Content starts

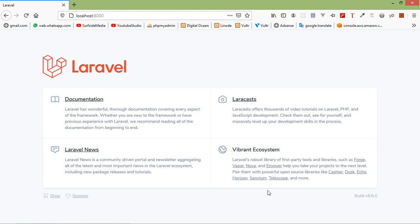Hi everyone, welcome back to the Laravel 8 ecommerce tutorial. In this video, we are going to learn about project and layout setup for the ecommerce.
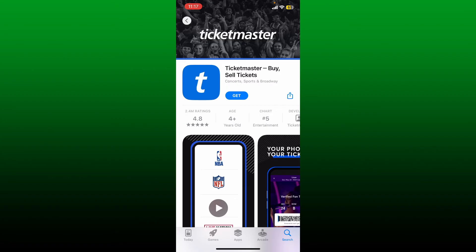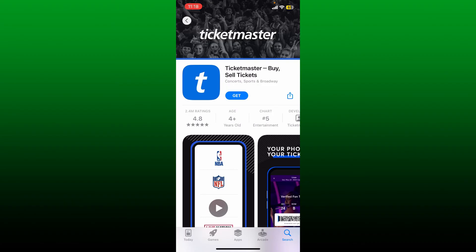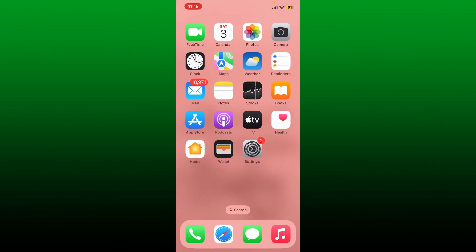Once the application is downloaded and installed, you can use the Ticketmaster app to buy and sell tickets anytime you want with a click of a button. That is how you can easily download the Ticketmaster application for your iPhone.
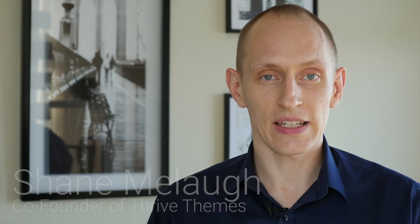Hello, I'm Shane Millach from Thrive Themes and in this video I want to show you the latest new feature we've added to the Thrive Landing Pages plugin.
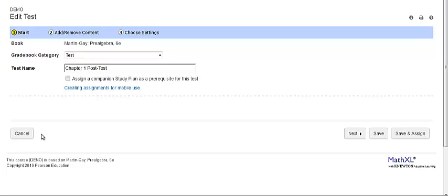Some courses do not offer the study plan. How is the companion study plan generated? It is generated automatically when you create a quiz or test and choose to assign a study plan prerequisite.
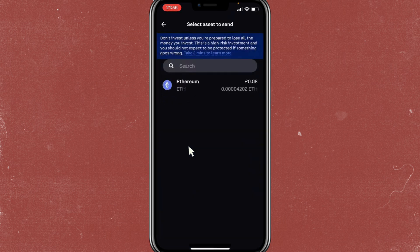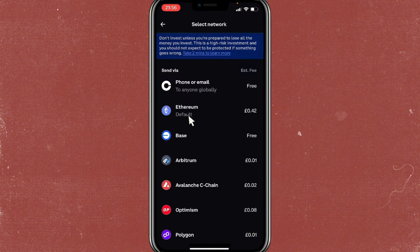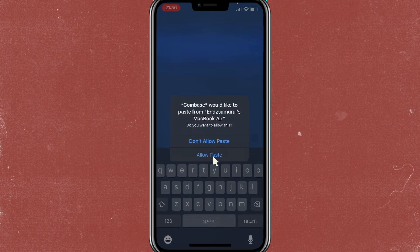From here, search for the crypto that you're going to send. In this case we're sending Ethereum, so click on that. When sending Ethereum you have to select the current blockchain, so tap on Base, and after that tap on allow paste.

Content ends

- _PROBLEM STATEMENT_
Leaving out the pictures, restate each line of the listing above verbatim, from the opening line to the line bearing "Some courses do", inclusive, and no more.

- _PROBLEM SOLUTION_
Hi everyone, welcome back to the Laravel 8 ecommerce tutorial. In this video, we are going to learn about project and layout setup for the ecommerce.
Once the application is downloaded and installed, you can use the Ticketmaster app to buy and sell tickets anytime you want with a click of a button. That is how you can easily download the Ticketmaster application for your iPhone.
Hello, I'm Shane Millach from Thrive Themes and in this video I want to show you the latest new feature we've added to the Thrive Landing Pages plugin.
Some courses do not offer the study plan. How is the companion study plan generated? It is generated automatically when you create a quiz or test and choose to assign a study plan prerequisite.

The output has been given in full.